You see, these feminists find that their power to effect change lies in their being pro-life. In this they echo the conclusions reached by the women who first rallied American women around the standard of equality. These luminaries realized that abortion was the one "supreme violence" by means of which 19th Century society had most successfully kept women enchained. Accordingly, they set their eyes fast on ending abortion. Once they prevailed against the male lawmakers of their day on that issue, no stone would again lay unturned. Voting, equal education, workplace revolution -- all followed on the heels of this first pro-life women's movement.

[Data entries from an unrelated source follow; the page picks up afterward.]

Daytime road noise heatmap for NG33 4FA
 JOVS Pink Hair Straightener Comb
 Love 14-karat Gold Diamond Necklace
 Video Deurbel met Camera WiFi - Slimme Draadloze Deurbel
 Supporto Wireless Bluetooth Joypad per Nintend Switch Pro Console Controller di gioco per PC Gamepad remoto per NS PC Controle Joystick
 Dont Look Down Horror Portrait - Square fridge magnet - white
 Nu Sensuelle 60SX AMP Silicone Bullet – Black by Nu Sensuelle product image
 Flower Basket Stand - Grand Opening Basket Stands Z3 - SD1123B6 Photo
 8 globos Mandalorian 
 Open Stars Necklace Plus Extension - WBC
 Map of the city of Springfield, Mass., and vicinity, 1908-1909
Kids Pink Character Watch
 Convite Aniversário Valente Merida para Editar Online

One woman who has taken up the mantle of the early pro-life feminists graced our campus Tuesday evening. As an indomitable individual, Sally Winn has long been at the forefront of securing true choices for all women. As vice-president of Feminists for Life of America, she continues to rally women around the country to demand the fullness of equality enshrined in our Constitution.

Those of us fortunate enough to listen to Ms. Winn's talk on Tuesday know how vital it is to promote a type of feminism that works. Luckily for us, our feminist forebears already discovered the path by which feminism has won its most resounding successes: Start by being pro-life. They now offer us the opportunity to follow them along this road. With it so clearly marked and its end goals so illumined, let us not fear accompanying them. Step by step, we shall build a culture of life and respect. Step by step, we shall advance women's rights. And step by step, we shall create a warm, accepting environment for student-mothers on campus. Let them come in; it's cold out there in the indifference of a Hanover clinic.

Chris Galiardo is a guest columnist.